2.26.2 Conflict of Interest

Date Published

The APS Values require examiners to deliver services impartially. Where examiners have a conflict of interest in relation to a specific case, there could be a perception that the service has not been delivered impartially.

In situations where examiners believe they have a conflict of interest, they should bring the case to the attention of a supervising examiner. If a conflict exists, the supervising examiner will allocate the case to another examiner who does not have a conflict. Similarly, supervising examiners or senior examiners should not supervise a case where they have a conflict of interest.

Conflict of interest can also arise as indicated below. Other situations should be brought to the attention of a supervising examiner.

Financial Interest as a Shareholder in a Company That is an Applicant for a Patent

Examiners should not examine an application if they hold shares in a company that is an applicant, since this may be perceived as improperly favouring the applicant. Similarly, where examiners are aware of a direct shareholding by a close family member, they should also abstain from examining the case.

An indirect financial interest, such as by membership of a superannuation fund that owns shares in a company, would not normally represent a conflict of interest.

Prior Involvement With the Applicant

Prior involvement with an applicant (or if there are reasons to believe a third party will oppose the application, with that third party) may raise concerns regarding a lack of impartiality. Examples are if the applicant is a friend, family member, colleague, recent former employee or, of course, the examiner themself. Consequently, in these situations examiners should not examine the case.

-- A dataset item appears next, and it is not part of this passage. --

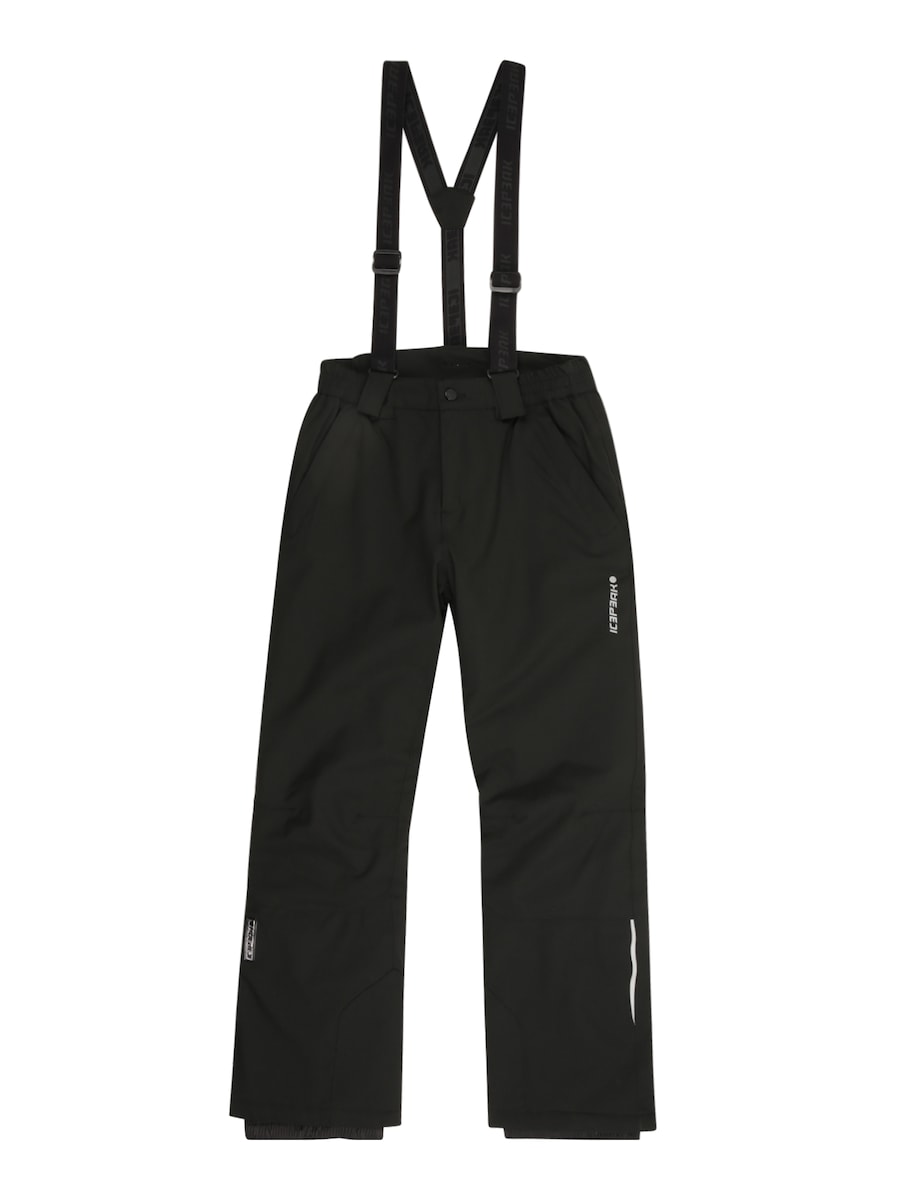 Обычные спортивные штаны ICEPEAK, черный
Обычные спортивные штаны ICEPEAK, черный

Where examiners were previously a customer of the applicant, that prior involvement does not represent a conflict of interest.

Prior Involvement With the Case

Issuing an adverse report on an application (or on a parent of an application) does not represent a conflict of interest.


Examiners have knowledge of the legal and technical matters relevant to the examination of cases within their technology. This is an essential prerequisite to examination and is not a prejudgement of the case or any issues that may be raised. However, examiners must be prepared to consider arguments presented by applicants in relation to their specific case.

Rule of Necessity

Where the only examiner competent (on technical grounds) to examine an application is barred because of a conflict of interest, the matter should be referred to an Assistant General Manager to decide whether necessity requires that the case be examined in spite of the conflict.

Case Law

The rules that govern bias of judges do not apply as strictly to administrators. However, some guidance may be drawn from the following cases:

  • Dimes v Grand Junction Canal Co Proprietors [1852] 3 HLC 759;
  • Dickason v Edwards (1910) 10 CLR 243;
  • R v Commonwealth Conciliation and Arbitration Commission; Ex parte Angliss Group (1969) 122 CLR 546;

  • Cleworth v Barrow (1978) 20 ALR 359;
  • Builders' Registration Board of Qld v Rauber (1983) 47 ALR 55; and
  • Dovade Pty Ltd v Westpac Banking Group [1999] NSWCA 113.